YOUR TASK.
Please return every line of the records below that holds the word "with".

Scraped caption text data:
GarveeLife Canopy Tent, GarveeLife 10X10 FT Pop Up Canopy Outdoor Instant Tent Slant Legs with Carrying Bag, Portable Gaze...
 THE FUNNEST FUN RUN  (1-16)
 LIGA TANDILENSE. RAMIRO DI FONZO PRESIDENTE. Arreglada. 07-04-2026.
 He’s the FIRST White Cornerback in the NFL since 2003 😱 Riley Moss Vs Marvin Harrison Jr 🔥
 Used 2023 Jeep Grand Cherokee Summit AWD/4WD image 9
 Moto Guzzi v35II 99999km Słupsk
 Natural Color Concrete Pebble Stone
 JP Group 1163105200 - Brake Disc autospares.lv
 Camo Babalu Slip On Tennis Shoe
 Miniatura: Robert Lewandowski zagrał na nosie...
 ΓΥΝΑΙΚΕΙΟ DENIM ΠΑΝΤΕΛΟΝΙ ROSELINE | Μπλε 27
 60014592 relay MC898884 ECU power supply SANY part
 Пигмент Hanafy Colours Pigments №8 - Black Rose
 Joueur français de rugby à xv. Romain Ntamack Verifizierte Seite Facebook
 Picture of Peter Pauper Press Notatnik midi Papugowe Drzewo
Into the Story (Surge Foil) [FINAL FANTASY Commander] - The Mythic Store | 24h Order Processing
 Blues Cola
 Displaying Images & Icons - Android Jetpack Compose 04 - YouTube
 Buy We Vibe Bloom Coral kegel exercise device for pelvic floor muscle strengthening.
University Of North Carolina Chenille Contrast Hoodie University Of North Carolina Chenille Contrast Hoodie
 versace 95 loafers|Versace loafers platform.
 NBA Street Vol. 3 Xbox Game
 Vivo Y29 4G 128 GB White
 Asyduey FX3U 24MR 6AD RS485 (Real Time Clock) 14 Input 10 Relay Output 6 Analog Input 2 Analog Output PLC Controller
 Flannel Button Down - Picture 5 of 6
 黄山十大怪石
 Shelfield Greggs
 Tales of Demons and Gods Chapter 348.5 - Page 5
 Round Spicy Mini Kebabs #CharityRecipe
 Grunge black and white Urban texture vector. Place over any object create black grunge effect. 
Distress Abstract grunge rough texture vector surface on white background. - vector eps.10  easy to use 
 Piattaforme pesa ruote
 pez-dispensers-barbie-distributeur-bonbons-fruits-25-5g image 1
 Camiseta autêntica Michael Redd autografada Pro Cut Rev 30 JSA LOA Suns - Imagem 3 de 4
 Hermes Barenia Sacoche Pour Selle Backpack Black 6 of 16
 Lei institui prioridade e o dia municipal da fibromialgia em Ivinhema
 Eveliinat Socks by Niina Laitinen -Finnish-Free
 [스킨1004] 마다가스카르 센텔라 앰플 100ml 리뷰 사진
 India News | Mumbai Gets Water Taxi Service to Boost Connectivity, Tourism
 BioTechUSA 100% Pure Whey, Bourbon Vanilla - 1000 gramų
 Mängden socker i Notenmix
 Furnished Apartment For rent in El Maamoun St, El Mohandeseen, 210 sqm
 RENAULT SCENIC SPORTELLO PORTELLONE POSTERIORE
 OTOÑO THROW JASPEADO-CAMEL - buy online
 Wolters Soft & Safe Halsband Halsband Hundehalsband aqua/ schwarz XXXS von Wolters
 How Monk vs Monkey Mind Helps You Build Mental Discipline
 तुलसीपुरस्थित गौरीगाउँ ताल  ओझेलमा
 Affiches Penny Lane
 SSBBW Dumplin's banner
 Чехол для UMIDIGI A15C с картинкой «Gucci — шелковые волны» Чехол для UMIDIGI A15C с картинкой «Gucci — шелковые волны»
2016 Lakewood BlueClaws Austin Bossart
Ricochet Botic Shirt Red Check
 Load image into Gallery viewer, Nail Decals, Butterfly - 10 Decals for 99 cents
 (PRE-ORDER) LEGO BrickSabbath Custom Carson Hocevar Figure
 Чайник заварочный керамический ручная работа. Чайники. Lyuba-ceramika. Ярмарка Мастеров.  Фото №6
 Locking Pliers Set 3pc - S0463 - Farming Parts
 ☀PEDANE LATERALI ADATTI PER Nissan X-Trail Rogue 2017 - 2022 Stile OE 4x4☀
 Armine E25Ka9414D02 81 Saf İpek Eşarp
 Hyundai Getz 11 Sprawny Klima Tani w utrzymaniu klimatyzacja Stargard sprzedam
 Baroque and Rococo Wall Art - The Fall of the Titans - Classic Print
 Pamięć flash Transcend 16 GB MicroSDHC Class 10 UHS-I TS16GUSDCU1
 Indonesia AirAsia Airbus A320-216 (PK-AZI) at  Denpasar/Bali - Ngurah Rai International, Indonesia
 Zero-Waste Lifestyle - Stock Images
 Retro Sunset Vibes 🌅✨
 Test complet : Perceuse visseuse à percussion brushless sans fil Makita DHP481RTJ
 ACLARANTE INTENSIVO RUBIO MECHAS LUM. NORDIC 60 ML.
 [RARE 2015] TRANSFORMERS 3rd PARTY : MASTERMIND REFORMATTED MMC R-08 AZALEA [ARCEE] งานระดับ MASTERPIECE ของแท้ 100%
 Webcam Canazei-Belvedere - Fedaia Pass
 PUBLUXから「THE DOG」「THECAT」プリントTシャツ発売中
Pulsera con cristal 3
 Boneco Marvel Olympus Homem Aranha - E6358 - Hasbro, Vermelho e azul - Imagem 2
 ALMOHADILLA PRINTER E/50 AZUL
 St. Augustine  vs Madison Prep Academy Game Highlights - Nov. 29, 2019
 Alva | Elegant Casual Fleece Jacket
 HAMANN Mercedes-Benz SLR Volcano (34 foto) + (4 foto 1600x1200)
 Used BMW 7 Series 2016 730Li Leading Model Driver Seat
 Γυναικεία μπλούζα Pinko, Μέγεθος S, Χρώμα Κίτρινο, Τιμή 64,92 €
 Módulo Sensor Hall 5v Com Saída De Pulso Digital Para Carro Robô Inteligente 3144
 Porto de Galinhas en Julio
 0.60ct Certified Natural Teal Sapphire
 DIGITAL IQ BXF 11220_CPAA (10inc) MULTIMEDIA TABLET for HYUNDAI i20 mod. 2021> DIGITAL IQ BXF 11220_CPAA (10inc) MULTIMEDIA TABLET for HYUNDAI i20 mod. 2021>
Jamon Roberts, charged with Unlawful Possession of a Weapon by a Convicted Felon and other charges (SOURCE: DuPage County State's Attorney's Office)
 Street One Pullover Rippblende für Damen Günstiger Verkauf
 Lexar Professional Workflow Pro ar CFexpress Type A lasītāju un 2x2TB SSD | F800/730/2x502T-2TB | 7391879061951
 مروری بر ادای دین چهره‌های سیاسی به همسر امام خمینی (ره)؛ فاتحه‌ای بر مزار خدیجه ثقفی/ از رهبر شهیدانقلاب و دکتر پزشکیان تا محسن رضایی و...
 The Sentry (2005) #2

SOLVED PROBLEM.
GarveeLife Canopy Tent, GarveeLife 10X10 FT Pop Up Canopy Outdoor Instant Tent Slant Legs with Carrying Bag, Portable Gaze...
Jamon Roberts, charged with Unlawful Possession of a Weapon by a Convicted Felon and other charges (SOURCE: DuPage County State's Attorney's Office)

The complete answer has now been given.